警備員の仕事は、企業からの依頼があり派遣されて仕事をしますので、自分から仕事をとっていくという仕事内容ではありません。

自分達で売り上げを上げていくという営業的な仕事ではないために「歩合」というものはありません。

年ごとに年収が大きく変動するわけではありません。

ある程度平均した年収で推移します。

基本給・能力給などはどうなっているの?

警備の仕事での基本給は他の業種と似通っていて、特筆して変わっている点はありません。

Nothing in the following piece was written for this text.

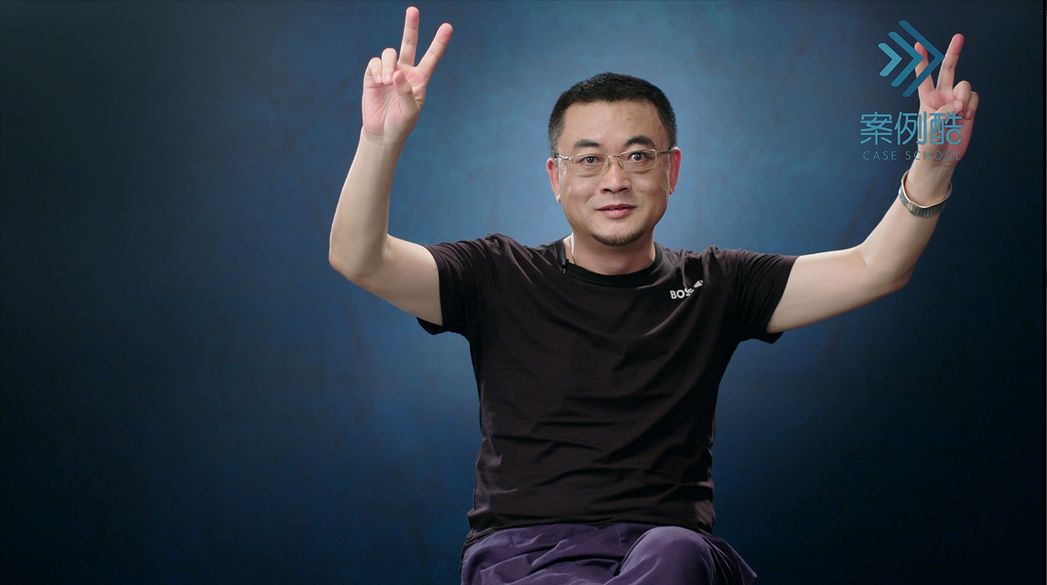 2018boss直聘世界杯广告,boss直聘广告世界杯视频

平均月収が20万円で、各種手当の支給もあるので基本給は月額17万円程度が平均だと言われています。

一般的には、年齢や勤続年数などにより基本給は異なります。

警備会社ごとに独自の基本給評定表があり、それぞれの警備会社によって基本給は異なっているのが現状です。

基本給の差は、警備会社の規模や警備の内容によって全く異なります。

次に能力給は、文字通り警備という仕事に対する能力に対してそれぞれに異なる能力給が支給されます。

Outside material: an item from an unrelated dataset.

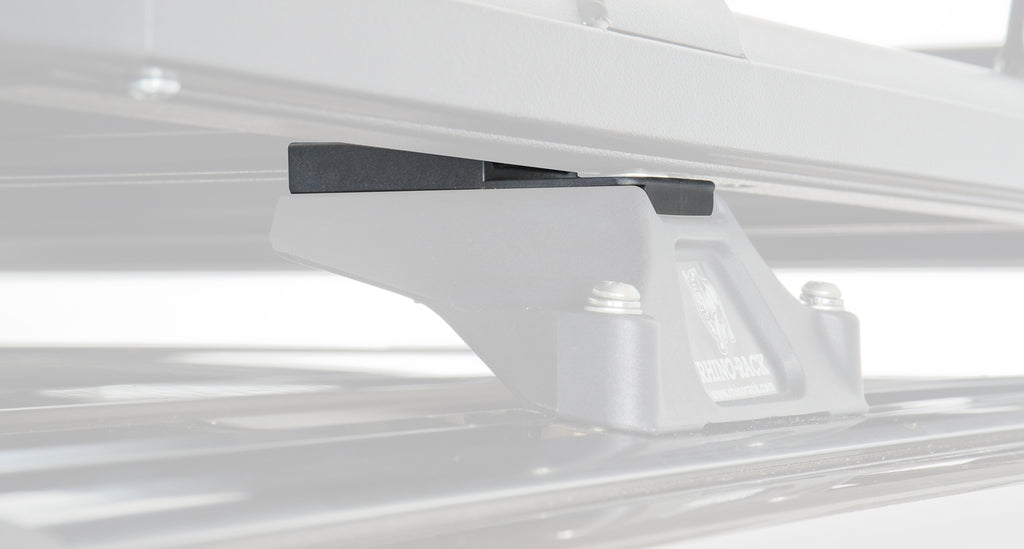 PIONEER LEG HEIGHT SPACER - PLHSPAIR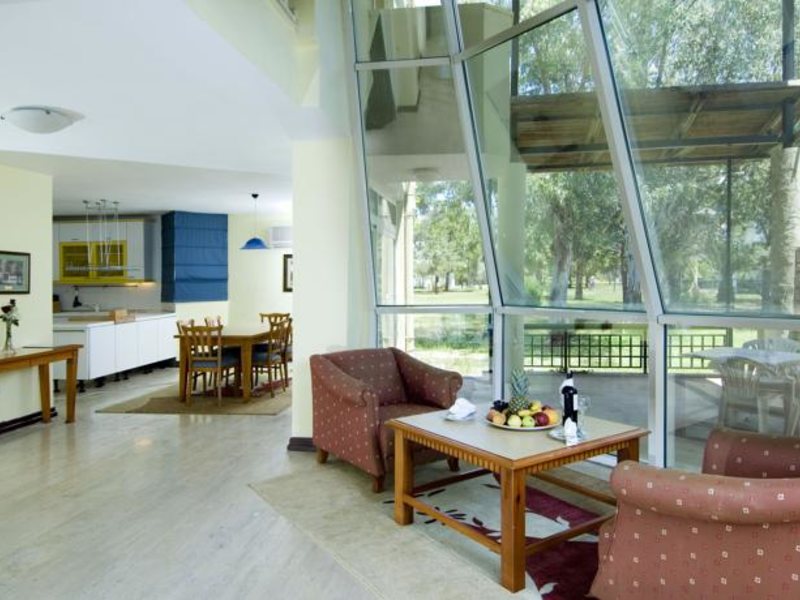 Simena Village & Villas 103716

これもキャリアによって異なるのですが、月額1万円程度の会社が多いようです。

警備の仕事は、駐車場の整理やイベントの警備といったものから現金輸送警備といったものまで、幅広い警備を行わなければいけません。

勤続年数が長くなりキャリアを積んでくると、それだけ警備員として対応できる仕事が増えてきます。

そのため、キャリアを積むことによる能力のアップが能力給に反映されます。

キャリアが増え様々な警備の仕事を経験すると能力給にも反映しやすいので、基本給と能力給はセットで給料が伸びていく会社が一般的だと言えます。

他の業種と比較して、警備員の基本給はあまり高くありません。

これは、前述しましたが、アルバイトの時給と同等ベースで設定されている会社が多いからです。

いざとなったときに率先して体を張らなければいけないことを考えると、少し割に合わないと感じるかもしれません。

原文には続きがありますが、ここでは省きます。